What the exercise asks –
Transcribe every entry word for word, but skip the images.

Data listing –
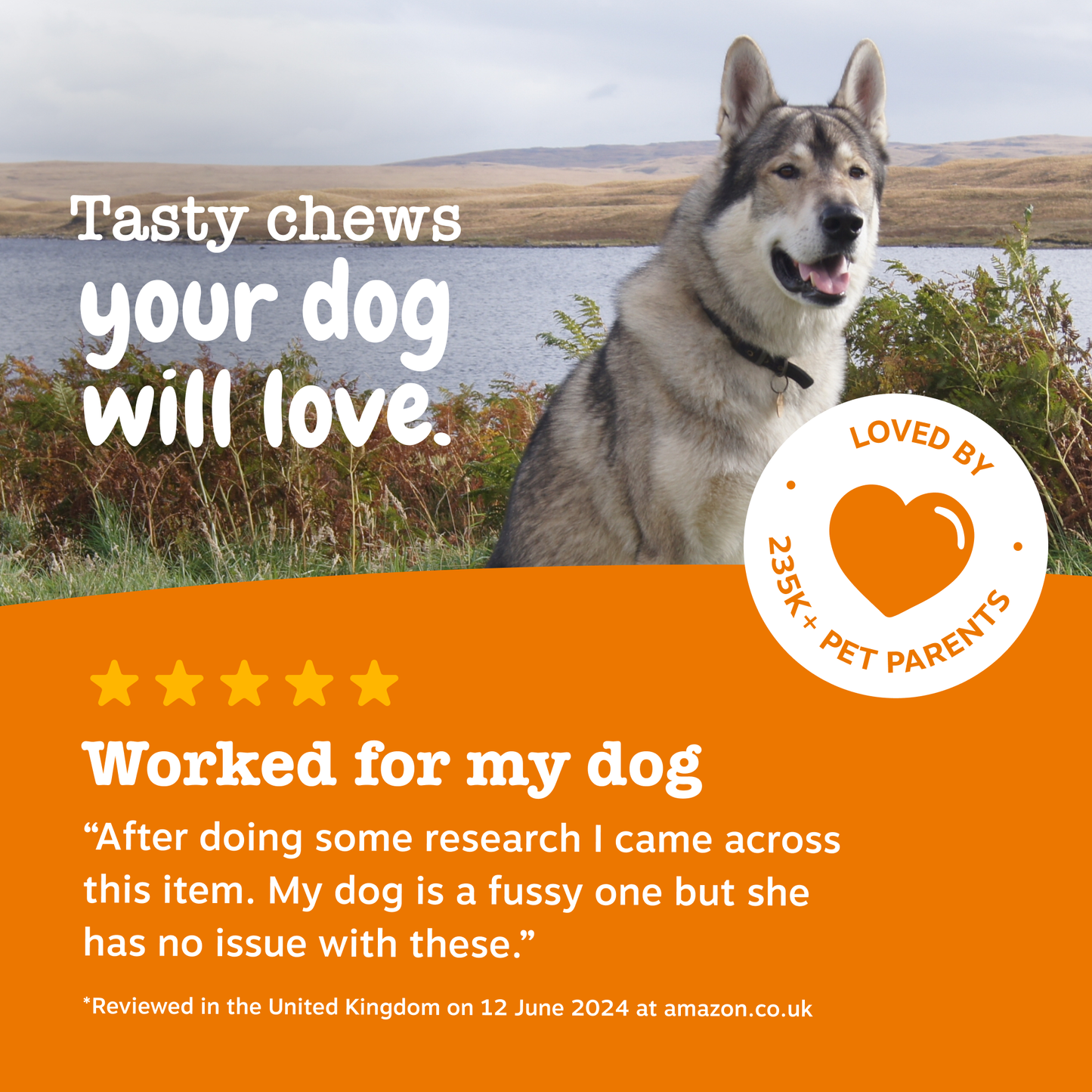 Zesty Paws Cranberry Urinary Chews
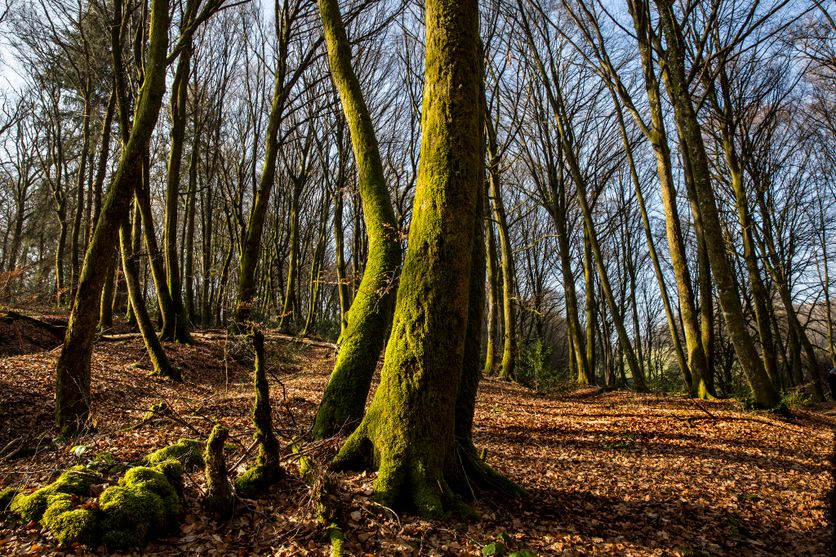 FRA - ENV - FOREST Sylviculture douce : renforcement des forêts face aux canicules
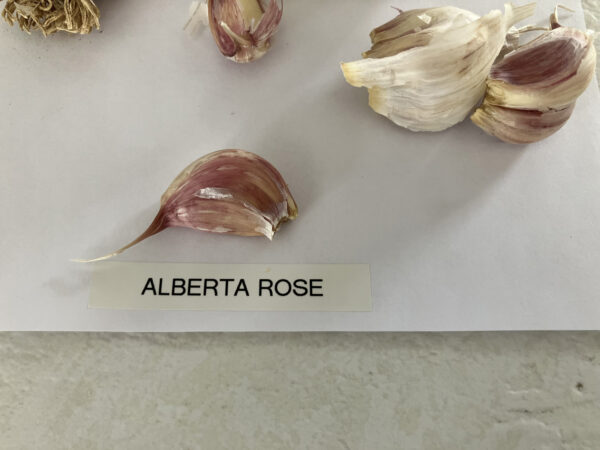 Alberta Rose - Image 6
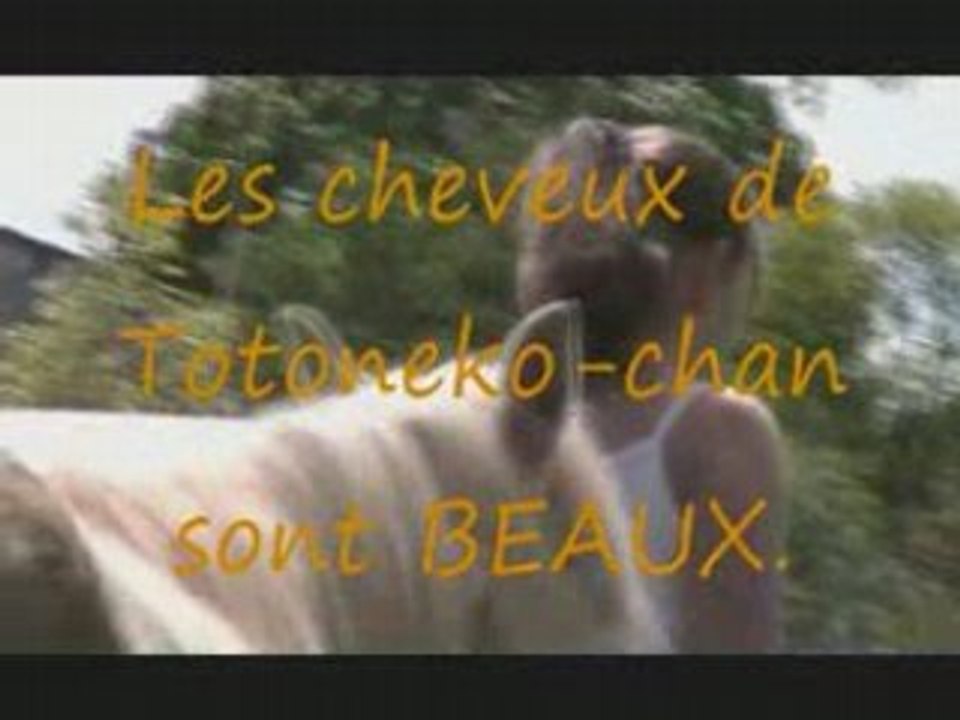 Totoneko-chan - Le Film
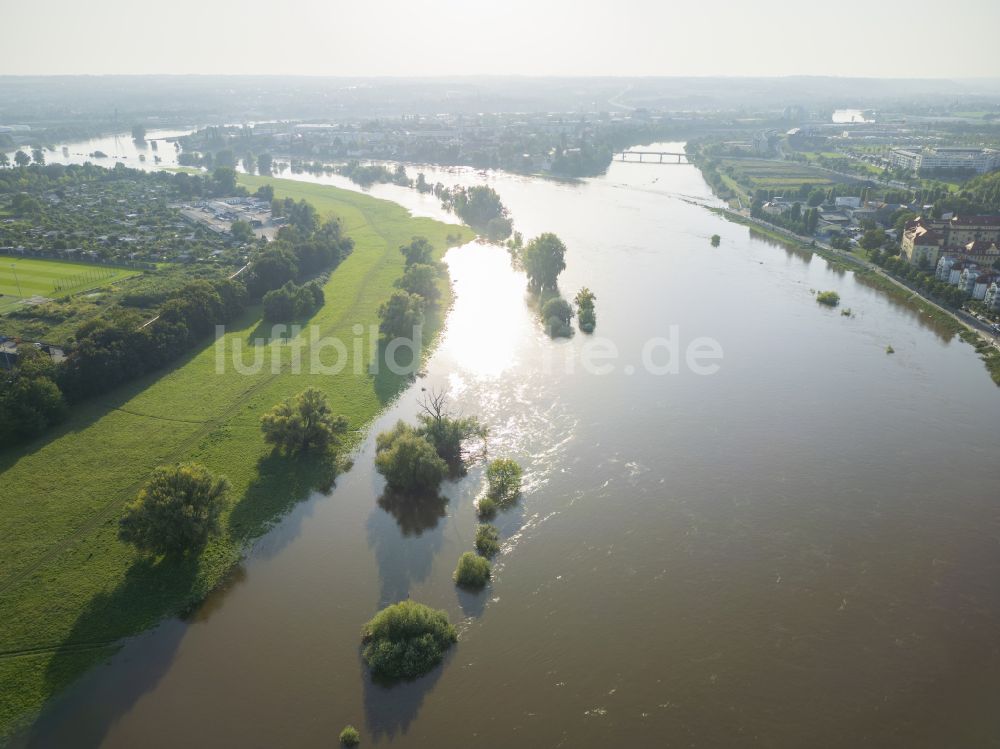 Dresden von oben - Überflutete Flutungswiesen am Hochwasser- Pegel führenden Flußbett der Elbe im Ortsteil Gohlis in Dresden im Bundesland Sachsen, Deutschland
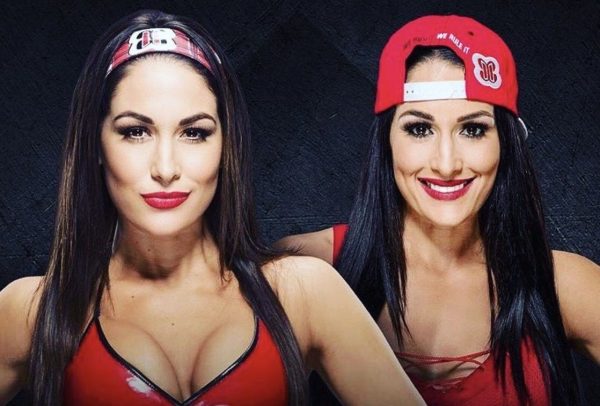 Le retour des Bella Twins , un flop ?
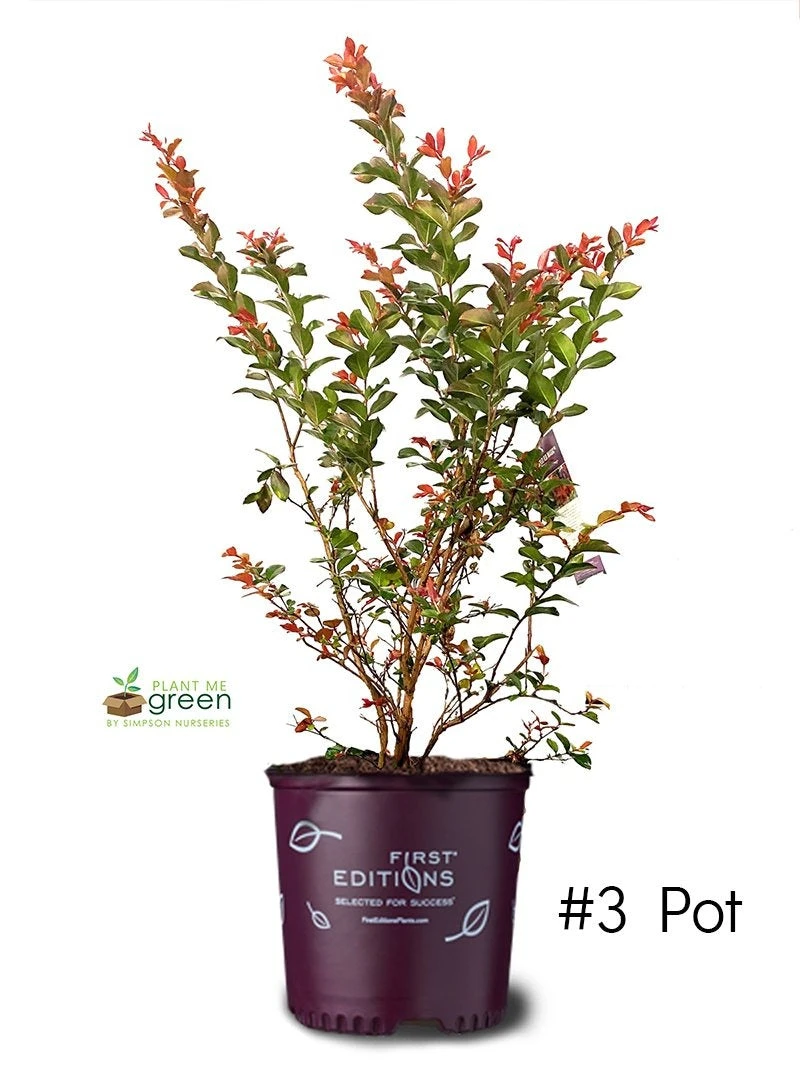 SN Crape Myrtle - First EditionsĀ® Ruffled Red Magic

Completed exercise –
 Zesty Paws Cranberry Urinary Chews
 FRA - ENV - FOREST Sylviculture douce : renforcement des forêts face aux canicules
 Alberta Rose - Image 6
 Totoneko-chan - Le Film
 Dresden von oben - Überflutete Flutungswiesen am Hochwasser- Pegel führenden Flußbett der Elbe im Ortsteil Gohlis in Dresden im Bundesland Sachsen, Deutschland
 Le retour des Bella Twins , un flop ?
 SN Crape Myrtle - First EditionsĀ® Ruffled Red Magic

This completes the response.